This Christmas is the last occasion when Barack Obama will have time to reflect and think at his own pace for the next four, and probably eight, years. It offers him a brief gap between the crazed schedule of the campaign — last year he was campaigning on Boxing Day — and the pressures of the presidency. As Obama relaxes in his native Hawaii, he will be preparing for a job that will make the challenges of the campaign insignificant in comparison. After he takes the Oath of Office he will find himself in the unique position of being both the most powerful man on earth and at the mercy of events. Problems anywhere in the world will have a tendency to become his problem very quickly.

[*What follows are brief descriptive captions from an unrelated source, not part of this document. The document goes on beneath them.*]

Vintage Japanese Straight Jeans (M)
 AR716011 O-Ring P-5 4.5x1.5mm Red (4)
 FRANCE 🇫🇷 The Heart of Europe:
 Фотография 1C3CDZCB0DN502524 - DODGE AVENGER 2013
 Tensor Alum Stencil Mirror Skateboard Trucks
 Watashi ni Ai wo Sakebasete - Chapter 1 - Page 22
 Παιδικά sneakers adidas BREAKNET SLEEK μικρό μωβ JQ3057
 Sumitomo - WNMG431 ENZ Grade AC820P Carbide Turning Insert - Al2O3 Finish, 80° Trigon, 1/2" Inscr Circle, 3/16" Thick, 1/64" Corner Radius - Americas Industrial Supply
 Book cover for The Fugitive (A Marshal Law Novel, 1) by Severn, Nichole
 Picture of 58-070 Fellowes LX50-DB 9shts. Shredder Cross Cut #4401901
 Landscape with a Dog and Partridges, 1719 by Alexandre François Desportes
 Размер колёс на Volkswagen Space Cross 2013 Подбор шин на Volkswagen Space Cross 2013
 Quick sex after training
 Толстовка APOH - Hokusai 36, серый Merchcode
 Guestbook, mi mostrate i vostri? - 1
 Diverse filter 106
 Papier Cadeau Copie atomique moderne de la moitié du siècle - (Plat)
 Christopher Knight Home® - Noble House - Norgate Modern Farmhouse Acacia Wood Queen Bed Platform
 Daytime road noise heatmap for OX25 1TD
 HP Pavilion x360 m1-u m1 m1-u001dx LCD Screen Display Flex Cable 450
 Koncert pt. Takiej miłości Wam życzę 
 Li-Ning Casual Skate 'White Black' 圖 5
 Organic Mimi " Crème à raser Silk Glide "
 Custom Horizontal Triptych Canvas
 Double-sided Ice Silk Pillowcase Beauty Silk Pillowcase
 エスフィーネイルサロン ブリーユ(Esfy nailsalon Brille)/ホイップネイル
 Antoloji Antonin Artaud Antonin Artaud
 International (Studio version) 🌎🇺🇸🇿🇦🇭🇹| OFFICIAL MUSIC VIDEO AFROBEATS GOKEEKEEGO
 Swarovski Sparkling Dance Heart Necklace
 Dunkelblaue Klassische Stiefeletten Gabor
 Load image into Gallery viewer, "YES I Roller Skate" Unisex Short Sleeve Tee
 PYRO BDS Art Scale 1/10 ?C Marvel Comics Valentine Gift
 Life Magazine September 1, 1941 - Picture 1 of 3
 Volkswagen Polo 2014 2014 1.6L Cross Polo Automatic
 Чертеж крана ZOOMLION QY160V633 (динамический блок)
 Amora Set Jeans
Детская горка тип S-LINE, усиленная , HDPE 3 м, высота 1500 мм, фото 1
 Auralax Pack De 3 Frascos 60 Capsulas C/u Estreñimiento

Obama will be sworn in with his hand on the Bible. He will end his Oath of Office by adding the words ‘so help me God’. But Obama’s relationship with his faith is, like so much about him, complex. This time last year there was an assumption that, if nominated, he could make a breakthrough with Evangelical voters, a group that had favoured Bush by a 57-point margin in 2004. After all, Obama had written in deeply personal terms about his own religious awakening. His speeches were infused with biblical language, and his personal and family life was unimpeachable in contrast to both his primary and general election opponent.
But the revelation that Jeremiah Wright — the man who had revived his faith, presided over his marriage and baptised his children — was a racialist prone to ranting about the evils of the US government made it far more difficult for Obama to talk about his religious beliefs. If he did so, he would open himself up to questions about his relationship with Wright: a subject that Obama could not allow to become a major issue.